Function Reference
load_raw_data(path=None)
Purpose: Load the raw Broadway CSV.
Args:
- path: Optional path to a CSV file. If omitted, the packaged dataset is used.
Returns:
- pandas.DataFrame: The original raw dataset.
Example:
from broadway_insights import load_raw_data
raw_df = load_raw_data()
clean_broadway_data(df)
Purpose: Clean malformed fields and derive analysis-ready columns such as seat counts and run metrics.
Args:
- df: Raw pandas.DataFrame loaded from the Broadway CSV.
Returns:
- pandas.DataFrame: Cleaned weekly dataset.
Example:
from broadway_insights import clean_broadway_data, load_raw_data
clean_df = clean_broadway_data(load_raw_data())
load_clean_data(path=None)
Purpose: Load and clean the Broadway data in one step.
Args:
- path: Optional custom CSV path.
Returns:
- pandas.DataFrame: Cleaned weekly dataset.
Example:
from broadway_insights import load_clean_data
df = load_clean_data()
summarize_show_runs(df)
Purpose: Aggregate weekly records to one row per show.
Args:
- df: Cleaned weekly Broadway dataframe.
Returns:
- pandas.DataFrame: Show-level summary with run window, revenue, ticket, and theater metrics.
Example:
from broadway_insights import load_clean_data, summarize_show_runs
summary = summarize_show_runs(load_clean_data())

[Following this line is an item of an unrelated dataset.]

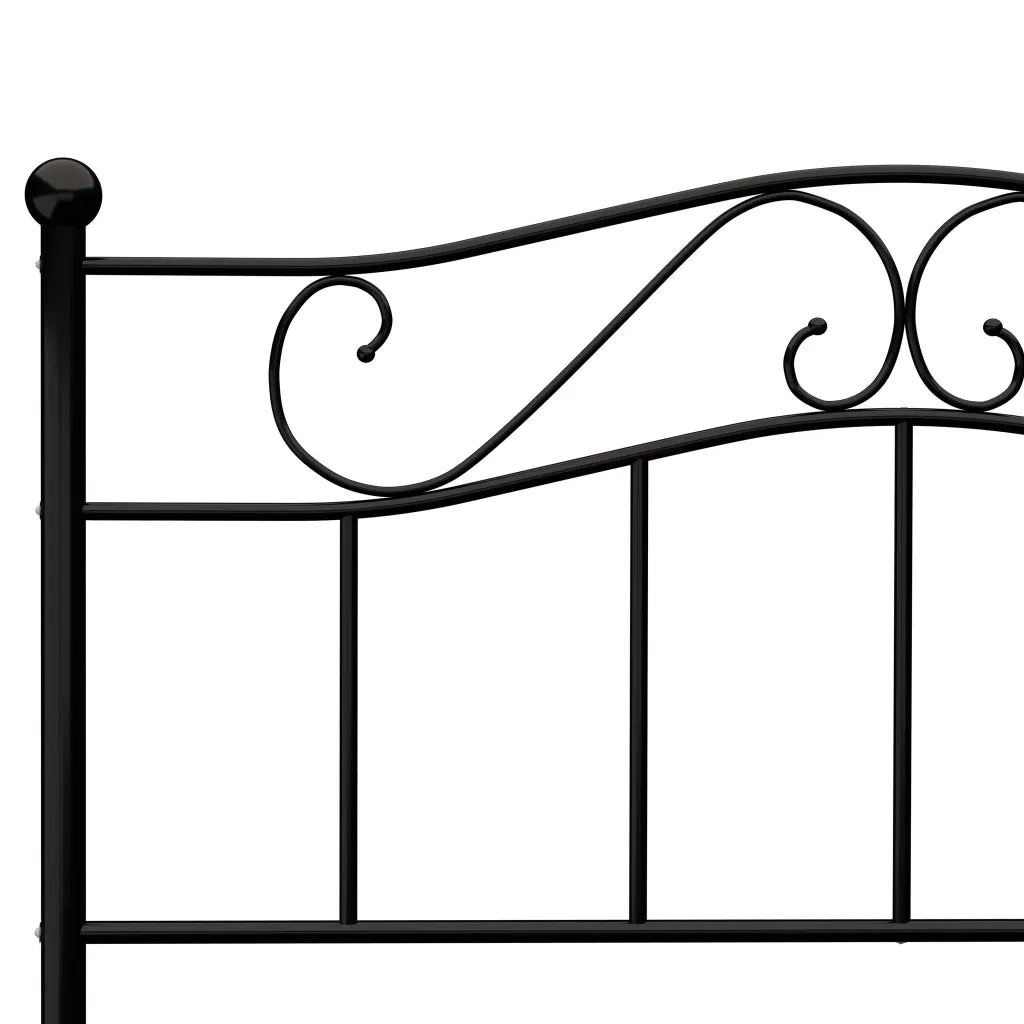 Letto matrimoniale | Letto per adulti | Giroletto Nero in Metallo 140x200 cm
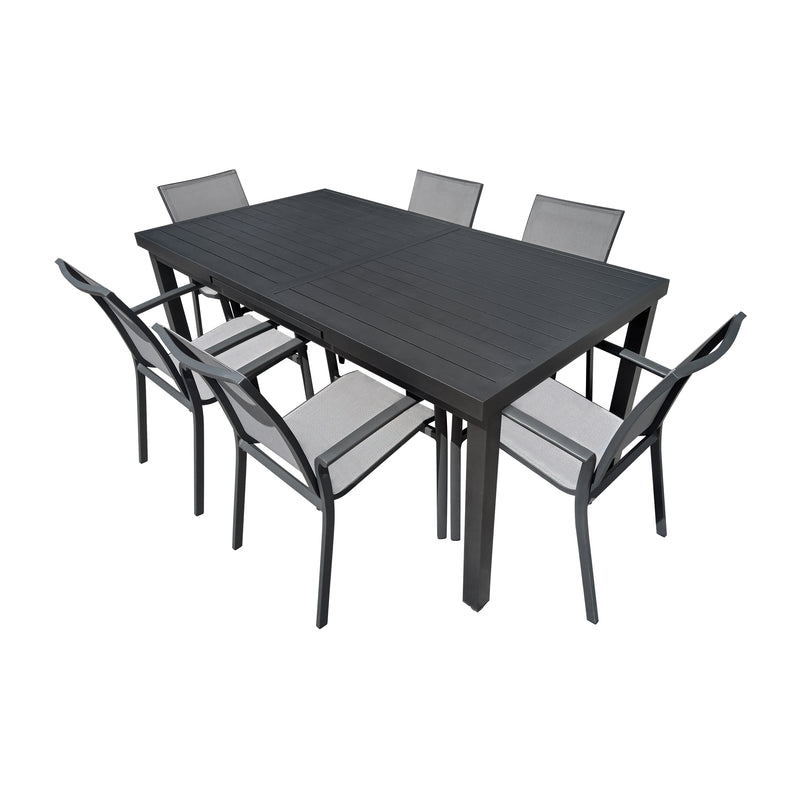 Cargue la imagen en el visor de la galería, Comedor Expandible de Aluminio Nikola Carbon 1.8 M / 2.4 M + 6 sillas sillas Koshem Carbon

analyze_award_weekly_revenue(df)
Purpose: Compare tracked run length and average weekly revenue between Tony-flagged and non-flagged shows.
Args:
- df: Cleaned weekly Broadway dataframe.
Returns:
- dict[str, float]: Summary statistics for run length and revenue differences.
Example:
from broadway_insights import analyze_award_weekly_revenue, load_clean_data
results = analyze_award_weekly_revenue(load_clean_data())
analyze_theater_size_vs_gross(df)
Purpose: Estimate the relationship between theater size and weekly gross revenue.
Args:
- df: Cleaned weekly Broadway dataframe.
Returns:
- dict[str, float]: Correlations and a simple linear trend estimate.
Example:
from broadway_insights import analyze_theater_size_vs_gross, load_clean_data
results = analyze_theater_size_vs_gross(load_clean_data())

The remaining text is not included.